Originally Posted by hillbilly83 (Post 486006)
Before,the mod my gauges avg stayed at 22.8 mpg, and that coincided with mileage and the pump pretty close within .2 so now the gauge avg is 25.4. Maybe a placebo effect, am I driving better? Idk. If this is the case how do we fool the o2 and maf? I also modified my airbox, cut a slot in the resonator part allowing air to come under my hood straight into the airbox, pre filter of course

Trying to fool the electronics is one of the more difficult ways to get higher MPG. Every electronic sensor signal mod has other consequences in the engine management system. You want to be careful with your car and safety. There is much easier to reach "low hanging fruit" ... take a look at this list (have you already?): 65+ Vehicle modifications for better fuel economy - EcoModder.com

And the hypermiling tips too: 100+ Hypermiling / ecodriving tips & tactics for better mpg - EcoModder.com

hillbilly83 07-07-2015 11:53 AM

Would warm air intake do the same thing as what I want the resistor to do? Are there any programmers that work for fe? I just think covering up things reducing drag isnt going to do a whole lot, or will it?

oil pan 4 07-07-2015 07:25 PM

Quote:

Originally Posted by hillbilly83 (Post 486036)
Would warm air intake do the same thing as what I want the resistor to do? Are there any programmers that work for fe? I just think covering up things reducing drag isnt going to do a whole lot, or will it?

If you drive a good bit of highway then aero dynamic improvements can give the best return for the money.

California98Civic 07-08-2015 01:26 PM

Quote:

Originally Posted by hillbilly83 (Post 486036)
Would warm air intake do the same thing as what I want the resistor to do?
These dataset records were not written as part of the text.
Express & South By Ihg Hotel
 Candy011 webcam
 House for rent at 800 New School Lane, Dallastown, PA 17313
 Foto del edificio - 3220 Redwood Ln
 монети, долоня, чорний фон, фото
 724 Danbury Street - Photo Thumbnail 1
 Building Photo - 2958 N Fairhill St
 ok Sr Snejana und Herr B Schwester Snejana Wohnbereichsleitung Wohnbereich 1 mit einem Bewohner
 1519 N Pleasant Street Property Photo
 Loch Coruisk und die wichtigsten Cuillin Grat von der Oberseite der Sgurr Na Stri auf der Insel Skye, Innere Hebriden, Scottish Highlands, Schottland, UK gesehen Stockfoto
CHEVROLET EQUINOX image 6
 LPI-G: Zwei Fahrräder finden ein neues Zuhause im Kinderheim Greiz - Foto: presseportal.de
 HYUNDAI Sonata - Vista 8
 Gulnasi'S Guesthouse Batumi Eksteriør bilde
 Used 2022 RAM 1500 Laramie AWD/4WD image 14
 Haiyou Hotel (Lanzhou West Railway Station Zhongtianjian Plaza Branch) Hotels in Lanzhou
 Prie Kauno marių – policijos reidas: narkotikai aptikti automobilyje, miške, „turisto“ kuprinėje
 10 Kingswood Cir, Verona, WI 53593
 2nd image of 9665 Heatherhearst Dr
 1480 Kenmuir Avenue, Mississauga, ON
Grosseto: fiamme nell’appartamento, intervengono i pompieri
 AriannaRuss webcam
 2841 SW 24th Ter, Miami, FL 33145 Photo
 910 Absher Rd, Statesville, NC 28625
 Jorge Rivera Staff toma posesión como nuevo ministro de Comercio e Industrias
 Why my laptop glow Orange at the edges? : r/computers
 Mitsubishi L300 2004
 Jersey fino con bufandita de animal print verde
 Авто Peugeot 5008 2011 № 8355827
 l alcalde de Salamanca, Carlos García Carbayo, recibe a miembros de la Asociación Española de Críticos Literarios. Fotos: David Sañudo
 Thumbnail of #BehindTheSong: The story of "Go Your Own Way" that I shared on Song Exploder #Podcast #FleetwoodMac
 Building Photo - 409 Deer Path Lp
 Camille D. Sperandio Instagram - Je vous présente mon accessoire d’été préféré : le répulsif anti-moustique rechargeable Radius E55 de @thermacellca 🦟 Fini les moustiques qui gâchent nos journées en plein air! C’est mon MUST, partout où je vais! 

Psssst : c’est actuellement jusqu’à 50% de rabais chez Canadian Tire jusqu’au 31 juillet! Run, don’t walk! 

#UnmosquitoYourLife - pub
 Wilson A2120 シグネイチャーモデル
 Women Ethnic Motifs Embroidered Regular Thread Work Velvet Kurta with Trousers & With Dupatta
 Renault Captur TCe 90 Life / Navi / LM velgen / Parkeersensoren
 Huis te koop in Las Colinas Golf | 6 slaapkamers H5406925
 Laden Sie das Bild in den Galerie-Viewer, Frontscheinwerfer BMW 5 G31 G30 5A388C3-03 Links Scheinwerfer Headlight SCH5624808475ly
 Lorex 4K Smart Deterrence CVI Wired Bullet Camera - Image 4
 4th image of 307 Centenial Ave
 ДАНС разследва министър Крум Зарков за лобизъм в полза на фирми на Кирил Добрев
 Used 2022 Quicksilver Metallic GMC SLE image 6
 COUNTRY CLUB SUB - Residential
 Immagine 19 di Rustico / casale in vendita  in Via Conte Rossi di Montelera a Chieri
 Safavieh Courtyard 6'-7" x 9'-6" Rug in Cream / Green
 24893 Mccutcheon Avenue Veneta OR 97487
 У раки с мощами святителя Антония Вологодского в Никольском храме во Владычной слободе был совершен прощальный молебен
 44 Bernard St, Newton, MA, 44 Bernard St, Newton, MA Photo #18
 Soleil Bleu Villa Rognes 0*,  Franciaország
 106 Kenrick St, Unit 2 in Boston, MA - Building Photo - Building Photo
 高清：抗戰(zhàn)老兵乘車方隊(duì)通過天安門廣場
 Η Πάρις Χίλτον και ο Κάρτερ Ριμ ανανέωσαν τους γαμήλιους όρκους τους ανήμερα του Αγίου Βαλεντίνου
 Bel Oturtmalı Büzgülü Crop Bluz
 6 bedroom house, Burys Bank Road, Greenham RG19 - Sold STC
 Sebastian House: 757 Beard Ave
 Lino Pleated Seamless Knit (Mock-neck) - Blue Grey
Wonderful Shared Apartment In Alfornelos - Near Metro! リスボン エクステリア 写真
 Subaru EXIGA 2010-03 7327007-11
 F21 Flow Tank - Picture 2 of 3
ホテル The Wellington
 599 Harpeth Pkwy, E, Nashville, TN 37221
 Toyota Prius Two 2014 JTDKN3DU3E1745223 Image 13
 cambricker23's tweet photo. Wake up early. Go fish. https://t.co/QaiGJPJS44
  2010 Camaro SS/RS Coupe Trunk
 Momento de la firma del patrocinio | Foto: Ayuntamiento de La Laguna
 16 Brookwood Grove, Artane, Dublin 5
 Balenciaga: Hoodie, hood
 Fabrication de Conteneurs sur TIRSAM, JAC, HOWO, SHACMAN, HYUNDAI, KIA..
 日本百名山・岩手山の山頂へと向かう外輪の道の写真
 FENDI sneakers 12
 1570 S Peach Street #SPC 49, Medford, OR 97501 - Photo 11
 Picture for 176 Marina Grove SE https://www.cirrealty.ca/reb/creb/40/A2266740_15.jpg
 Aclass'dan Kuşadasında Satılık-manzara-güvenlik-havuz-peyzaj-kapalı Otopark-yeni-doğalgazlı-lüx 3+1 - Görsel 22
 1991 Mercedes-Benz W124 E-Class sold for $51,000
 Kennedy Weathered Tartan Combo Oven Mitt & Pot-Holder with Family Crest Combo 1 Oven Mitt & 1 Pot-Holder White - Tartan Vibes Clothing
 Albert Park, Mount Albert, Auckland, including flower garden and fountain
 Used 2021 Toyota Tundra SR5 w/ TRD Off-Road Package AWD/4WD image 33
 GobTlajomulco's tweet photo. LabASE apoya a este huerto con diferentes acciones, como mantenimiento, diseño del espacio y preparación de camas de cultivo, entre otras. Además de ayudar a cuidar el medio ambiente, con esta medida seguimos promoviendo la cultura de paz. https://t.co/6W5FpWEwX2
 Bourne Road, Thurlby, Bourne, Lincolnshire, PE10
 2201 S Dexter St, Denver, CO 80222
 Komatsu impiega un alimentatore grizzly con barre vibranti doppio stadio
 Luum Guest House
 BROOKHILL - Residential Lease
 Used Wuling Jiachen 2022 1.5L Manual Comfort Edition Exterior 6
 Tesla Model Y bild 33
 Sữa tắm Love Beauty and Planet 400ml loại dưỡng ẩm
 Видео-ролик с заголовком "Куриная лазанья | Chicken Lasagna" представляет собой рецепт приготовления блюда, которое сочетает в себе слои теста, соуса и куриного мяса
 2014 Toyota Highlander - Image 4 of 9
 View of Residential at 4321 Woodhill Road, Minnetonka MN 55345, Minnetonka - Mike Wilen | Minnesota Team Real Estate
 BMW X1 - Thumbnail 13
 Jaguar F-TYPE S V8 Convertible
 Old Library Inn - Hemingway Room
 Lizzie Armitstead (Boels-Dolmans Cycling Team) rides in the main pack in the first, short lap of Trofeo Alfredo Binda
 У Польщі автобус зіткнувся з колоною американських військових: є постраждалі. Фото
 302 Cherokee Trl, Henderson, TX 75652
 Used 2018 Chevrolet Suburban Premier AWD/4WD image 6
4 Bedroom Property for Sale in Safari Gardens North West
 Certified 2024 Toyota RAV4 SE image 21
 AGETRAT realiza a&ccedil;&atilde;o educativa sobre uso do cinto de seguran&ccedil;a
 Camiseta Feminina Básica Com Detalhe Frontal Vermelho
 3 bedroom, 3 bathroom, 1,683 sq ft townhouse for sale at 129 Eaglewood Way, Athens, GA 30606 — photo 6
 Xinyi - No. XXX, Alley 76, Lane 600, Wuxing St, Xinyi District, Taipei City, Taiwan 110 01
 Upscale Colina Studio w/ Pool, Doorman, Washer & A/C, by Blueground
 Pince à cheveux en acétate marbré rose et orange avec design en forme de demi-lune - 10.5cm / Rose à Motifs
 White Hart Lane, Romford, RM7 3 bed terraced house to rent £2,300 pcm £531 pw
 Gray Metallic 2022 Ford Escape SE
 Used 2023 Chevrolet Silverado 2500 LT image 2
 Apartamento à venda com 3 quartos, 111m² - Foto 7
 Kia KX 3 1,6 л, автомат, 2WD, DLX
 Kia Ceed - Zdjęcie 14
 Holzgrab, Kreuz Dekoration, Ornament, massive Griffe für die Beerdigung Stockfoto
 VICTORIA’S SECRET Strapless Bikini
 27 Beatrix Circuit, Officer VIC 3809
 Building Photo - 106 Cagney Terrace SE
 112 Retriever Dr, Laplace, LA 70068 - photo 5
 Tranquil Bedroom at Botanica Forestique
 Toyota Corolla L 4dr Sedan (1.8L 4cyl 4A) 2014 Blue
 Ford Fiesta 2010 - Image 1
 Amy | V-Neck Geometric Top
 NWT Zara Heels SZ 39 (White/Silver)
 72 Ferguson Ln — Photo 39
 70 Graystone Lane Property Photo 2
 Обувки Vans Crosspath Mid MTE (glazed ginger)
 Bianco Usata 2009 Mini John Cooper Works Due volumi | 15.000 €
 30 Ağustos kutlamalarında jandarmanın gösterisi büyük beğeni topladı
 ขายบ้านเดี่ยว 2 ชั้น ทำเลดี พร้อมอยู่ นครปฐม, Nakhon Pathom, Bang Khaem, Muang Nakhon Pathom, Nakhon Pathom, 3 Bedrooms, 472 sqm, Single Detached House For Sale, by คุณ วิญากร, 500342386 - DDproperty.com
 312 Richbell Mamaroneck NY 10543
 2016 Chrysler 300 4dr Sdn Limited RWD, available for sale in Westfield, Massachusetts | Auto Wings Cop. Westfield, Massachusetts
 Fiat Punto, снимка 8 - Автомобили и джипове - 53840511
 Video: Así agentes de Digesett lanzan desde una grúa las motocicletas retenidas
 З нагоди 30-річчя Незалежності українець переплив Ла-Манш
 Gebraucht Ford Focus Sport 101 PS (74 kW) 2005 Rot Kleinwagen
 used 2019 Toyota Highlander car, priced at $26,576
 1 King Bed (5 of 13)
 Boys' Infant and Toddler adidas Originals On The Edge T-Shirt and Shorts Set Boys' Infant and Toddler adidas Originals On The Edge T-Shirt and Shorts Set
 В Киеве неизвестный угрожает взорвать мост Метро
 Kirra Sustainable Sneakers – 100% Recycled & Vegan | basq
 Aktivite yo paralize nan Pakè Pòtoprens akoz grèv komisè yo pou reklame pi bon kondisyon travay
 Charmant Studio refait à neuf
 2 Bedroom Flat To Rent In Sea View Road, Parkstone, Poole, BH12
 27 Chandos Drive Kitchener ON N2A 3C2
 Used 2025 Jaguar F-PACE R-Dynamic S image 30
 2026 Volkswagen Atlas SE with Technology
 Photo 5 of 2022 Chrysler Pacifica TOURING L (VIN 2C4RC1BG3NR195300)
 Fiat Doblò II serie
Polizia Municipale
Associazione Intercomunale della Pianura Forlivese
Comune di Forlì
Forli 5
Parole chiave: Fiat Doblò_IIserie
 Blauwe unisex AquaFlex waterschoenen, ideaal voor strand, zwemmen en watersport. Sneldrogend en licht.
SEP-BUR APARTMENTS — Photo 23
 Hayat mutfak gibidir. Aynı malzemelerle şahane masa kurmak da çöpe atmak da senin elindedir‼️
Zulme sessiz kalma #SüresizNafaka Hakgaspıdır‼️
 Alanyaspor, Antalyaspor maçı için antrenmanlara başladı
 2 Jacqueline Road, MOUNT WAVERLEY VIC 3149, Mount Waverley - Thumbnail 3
Not exactly. When a WAI works it probably works by reducing energy lost to pumping air into the engine for burning gasoline. Lots of people think the warm air, because it is thinner and will cause the engine to lean out a little, that that is what saves fuel. But to get the same power you'll step on the accelerator harder. So the real gajn, when it happens, is probably from the fact that the throttle plate ends up more open because you are depressing the accelerator pedal further. It's therefore less of an obstruction. Hence, you reduce a drag on the engine ("pumping losses").

I saw a small benefit after testing, others have not. You could experiment and report your findings...

One plus of a WAI over a resistor is that the ECU sensor data is correct. The computer knows the IAT is higher, and the IAT is actually higher. It will adjust safely.

James

BabyDiesel 07-08-2015 01:45 PM

I happen to have a 5.6k resistor inline on my IAT sensor. It is on my Ford Escort ZX2 with a 2.0 Zetec. This mod gives more timing on our cars by telling the ECU that the air is colder than it actually is, along the lines of -10°F with an ambient of 60-70°F. The colder the air, the less modification to the signal there is, and vice versa. The IAT is not used for determining AFR on my ZX2, so the computer does not compensate for it. I'm unsure if your Chrysler has the same set up.

As for you check engine light, the IAT wires could have a bad connection and trigger the CEL. I would start there. Actually, go to an AutoZone, Advance Auto, or O'Reillys and let them see what's causing the CEL for free, and report back to us :)

hat_man 07-11-2015 10:28 AM

I saw the thread on the TeamZx2 forum. The guy who did the research (Mechtech) really seems to know his stuff. I asked about my Ranger and after some research and question asking on other sites I am currently trying this one out also. I have only run about 3/4 of a tank through but so far it looks "promising". I'll know more with a few more tanks. My "system" is simple. Put in 10 gallons and try and hit 300 miles or better. Not very scientific and I'm sure someone on here will be sure and point that out, but it's been better than "ball parking it" for for almost 3 years. I did some faster than normal interstate driving this weekend and that may have thrown off the numbers, but for now I'm keeping the resistor in.